Would you post the bg_download and bg_download2 PNGs please?

Thanks! 

Peace...


----------



## Jaymie1989 (Apr 28, 2007)

Here are all the images that i have used


----------



## tomdkat (May 6, 2006)

Danke! 

Peace...


----------



## tomdkat (May 6, 2006)

Jaymie1989 said:


> The problem i have is im using IFrame and *need the images and links from the first post to the right*.

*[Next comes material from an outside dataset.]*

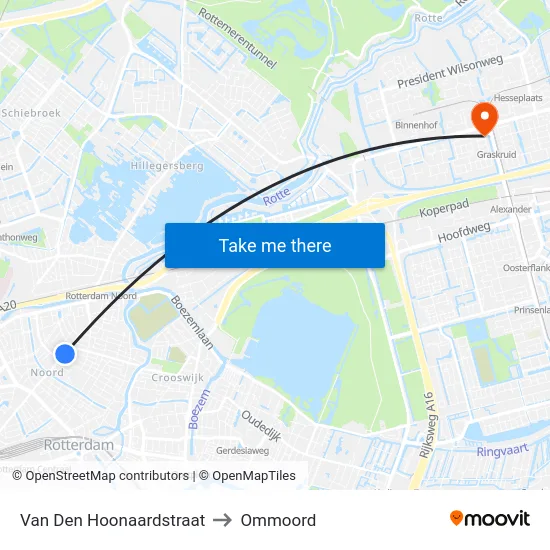 Van Den Hoonaardstraat to Ommoord map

I don't follow the part in bold. Could you clarify for me? 

Peace...


----------



## Jaymie1989 (Apr 28, 2007)

Well this is an example of how its suppose to be but without the images
http://www.jay1989.110mb.com/UntitledFrameset-3.html

On the side where its got Latest phpBB3 Release, Thats what showing up at the bottom of the HTML that i gave you, Its in frames and i just want it all in one page and no in frame pages


----------



## Jaymie1989 (Apr 28, 2007)

The other pages that were saved auto in Dreamweaver is

http://www.jay1989.110mb.com/Untitled-2.html

http://www.jay1989.110mb.com/UntitledFrame-2.html

http://www.jay1989.110mb.com/UntitledFrame-3.html

And thats it.


----------



## tomdkat (May 6, 2006)

Jaymie1989 said:


> Well this is an example of how its suppose to be but without the images
> http://www.jay1989.110mb.com/UntitledFrameset-3.html
> 
> On the side where its got Latest phpBB3 Release, Thats what showing up at the bottom of the HTML that i gave you, Its in frames and i just want it all in one page and no in frame pages


Gotcha, I'm tracking now. 

Peace...


----------



## Jaymie1989 (Apr 28, 2007)

Thanks Your A Gem


----------



## Jaymie1989 (Apr 28, 2007)

Ok,

Iv got to take my other half to the hospital so i will be back when there done with us.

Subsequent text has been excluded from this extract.